Era il 1990 quando, vedendo Cuore selvaggio, in molte scoprimmo di voler essere amate come Sailor ama Lula, cioè di un amore che non conosce ostacoli di sorta e punta dritto alla felicità. Una storia che nel giro di due ore fece dimenticare come pochi anni prima David Lynch, il più eccentrico dei registi americani, con Velluto blu avesse mostrato chiaramente come la donna fosse l’oggetto prediletto delle ossessioni di uomini incapaci di accettarne la bellezza e la diversità, e perciò concentrati a sfuggirla o a sfregiarla, talvolta persino ad annientarla.

Niente da fare, dell’ossessione per il sentimento assoluto di Sailor per Lula non ci siamo liberate nemmeno qualche mese dopo, quando finalmente anche in Italia arrivano le otto puntate di Twink Peaks a rendere chiaro che alle ragazze più o meno giovani, per quanto irriducibili, è riservato un destino di vittime. Anzi, sono vittime proprio perché irriducibili. Da quel momento in poi bisogna prendere atto di una visione netta e indiscutibile: Lynch ha spalancato le porte dell’inferno in terra e mostrato senza filtri che a finire coperte di sangue sono più facilmente le conturbanti protagoniste degli incubi che porta sullo schermo, che non gli uomini supposti innamorati e i padri amorevoli.
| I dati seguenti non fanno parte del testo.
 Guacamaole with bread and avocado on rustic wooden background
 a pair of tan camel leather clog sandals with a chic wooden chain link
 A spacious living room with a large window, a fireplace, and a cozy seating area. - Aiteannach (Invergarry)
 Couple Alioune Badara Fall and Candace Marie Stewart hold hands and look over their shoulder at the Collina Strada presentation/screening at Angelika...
Come sempre, però, in Lynch nulla è come sembra. I mondi si moltiplicano, e non meno le personalità di chi li abita. Del resto fermarsi alle apparenze sarebbe impossibile, nei suoi film non esiste strato che non possa essere sollevato senza trovarne sotto un altro ancora più vivido e apparentemente più vero e credibile del precedente. Così avviene con i personaggi, che sembrano cambiare personalità come un abito facile da sfilare via dal corpo. Un gioco più evidente quando in scena vibrano le presenze femminili, particolarmente sfuggenti nonché ammantate di misterioso erotismo.
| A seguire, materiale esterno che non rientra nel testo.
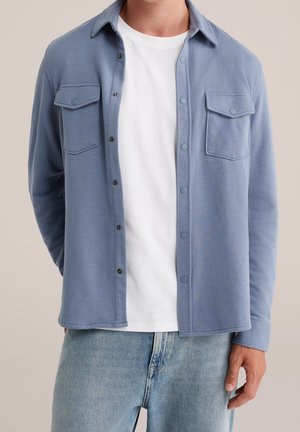 Mand iført lyseblå skjorte med knapper og brystlommer over hvid T-shirt og lyseblå denimjeans, stående mod en neutral baggrund.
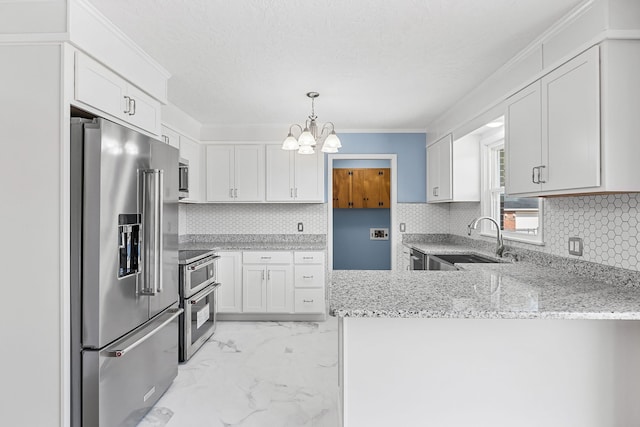 kitchen with white cabinetry, light stone counters, kitchen peninsula, pendant lighting, and stainless steel appliances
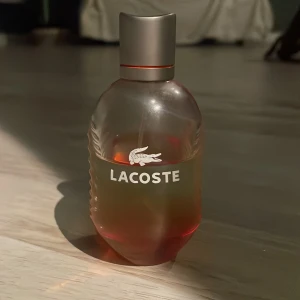 Lacoste Eau de Toilette 75ml - Säljer en Lacoste Eau de Toilette i en stilren flaska på 75 ml. Flaskan har en elegant design med en grå kork och den ikoniska Lacoste-loggan. Perfekt för den som vill ha en fräsch och sportig doft.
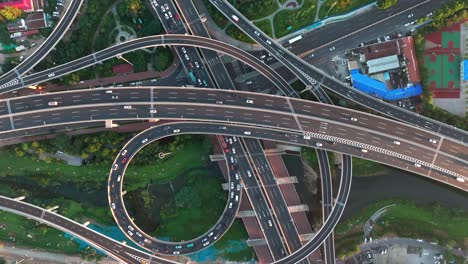 Aerial-photography-of-urban-transportation-roads-Aerial-vehicle-driving-on-urban-overpass-Busy-urban-transportation-Aerial-photography-of-crisscrossing-urban-overpasses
Gli uomini sono manifesti portatori del male, le donne mascherano la propria essenza sotto veli di verità fittizie. Corpi fluttuanti eppure estremamente carnali, in grado di farsi da soggetto manipolatore a oggetto di brutalità e viceversa con la velocità di un lampo luminoso. Gli esseri più sfuggenti di tutto il cinema di Lynch, di conseguenza i più complessi da decifrare. Anche nel momento in cui, come nel caso di Laura Palmer, vedendola a terra esanime si è portati a cadere nel tranello che nella morte tutto si sia definitivamente compiuto, mentre al contrario la realtà è ancora da scoprire e destinata a ribaltare le apparenze. Un destino che la giovane studentessa di Twin Peaks condivide con quasi tutte le eroine lynchiane, letteralmente disgiunte all’interno di sogni oscuri in cui non c’è spazio per la felicità.

Naomi Watts e Laura Harring in Mulholland Drive
Naomi Watts e Laura Harring in Mulholland Drive

Naomi Watts e Laura Harring in Mulholland Drive

In Strade perdute e Mulholland Drive, le protagoniste si sdoppiano di fronte agli occhi dello spettatore creando un gioco di specchi in cui separare una personalità, e una vita, dall’altra richiede uno sforzo notevole quanto, alla fin fine, inutile. Renée Madison/Alice Wakefield di Strade perdute ha in comune con Betty Elms/Diane Selwyn e Rita/Camilla Rodhes di Mulholland Drive la permanenza di un segreto che è poi quello della complessità dell’esistenza stessa, di per sé impossibile da svelare. Un mistero recondito che, sembra suggerire Lynch, è risposto essenzialmente all’interno del cuore femminile, organo che ogni uomo vorrebbe strappare per potervi leggervi dentro.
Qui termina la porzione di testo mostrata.